• Dataset entries:
◆ ◆ ◆ ◆ ◆

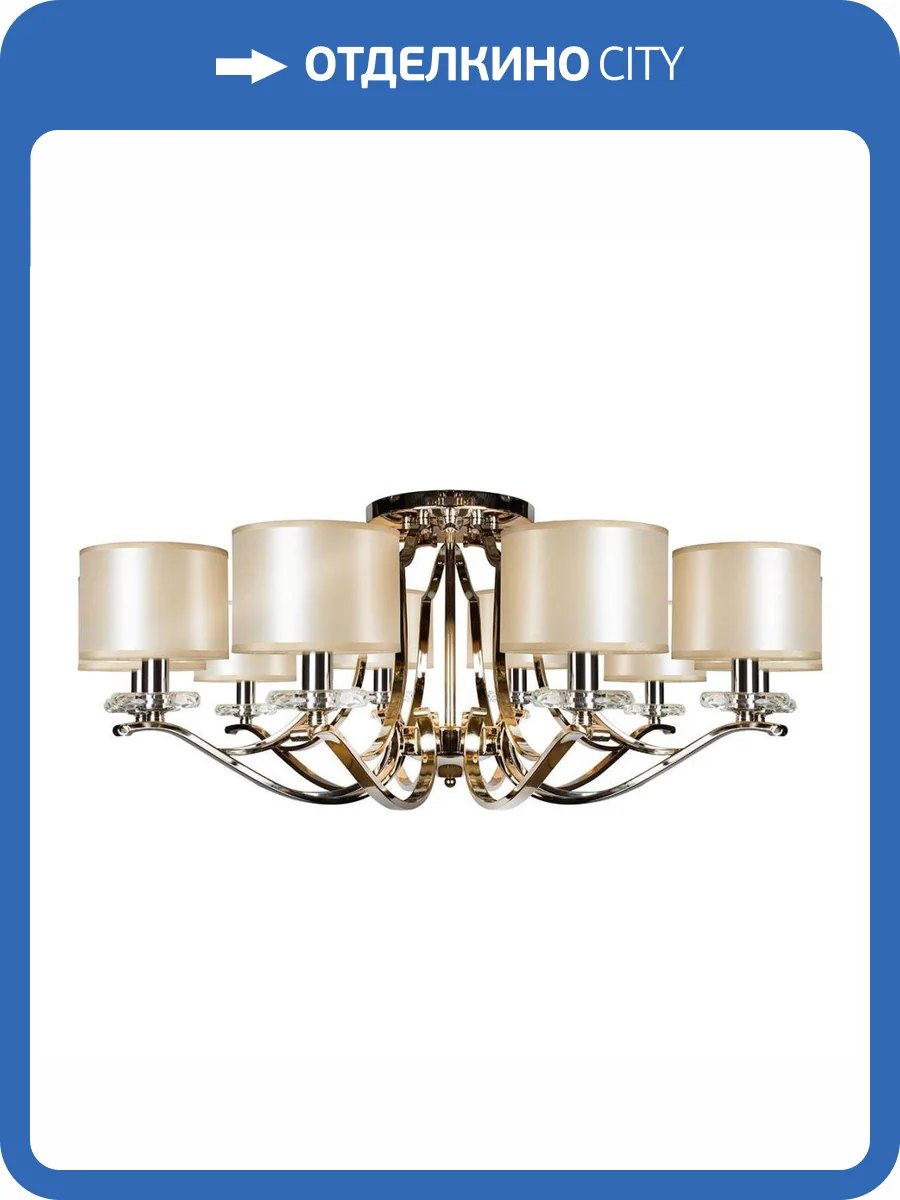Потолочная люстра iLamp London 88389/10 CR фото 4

◆ ◆ ◆ ◆ ◆

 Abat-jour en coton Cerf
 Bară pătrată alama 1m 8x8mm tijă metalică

◆ ◆ ◆ ◆ ◆

• Assignment: Start with the line above that contains "Abat-jour en coton Cerf" and end with the line that contains "Bară pătrată alama 1m 8x8mm tijă metalică". Write out those lines exactly, and only those.

• Solution for this problem:
 Abat-jour en coton Cerf
 Bară pătrată alama 1m 8x8mm tijă metalică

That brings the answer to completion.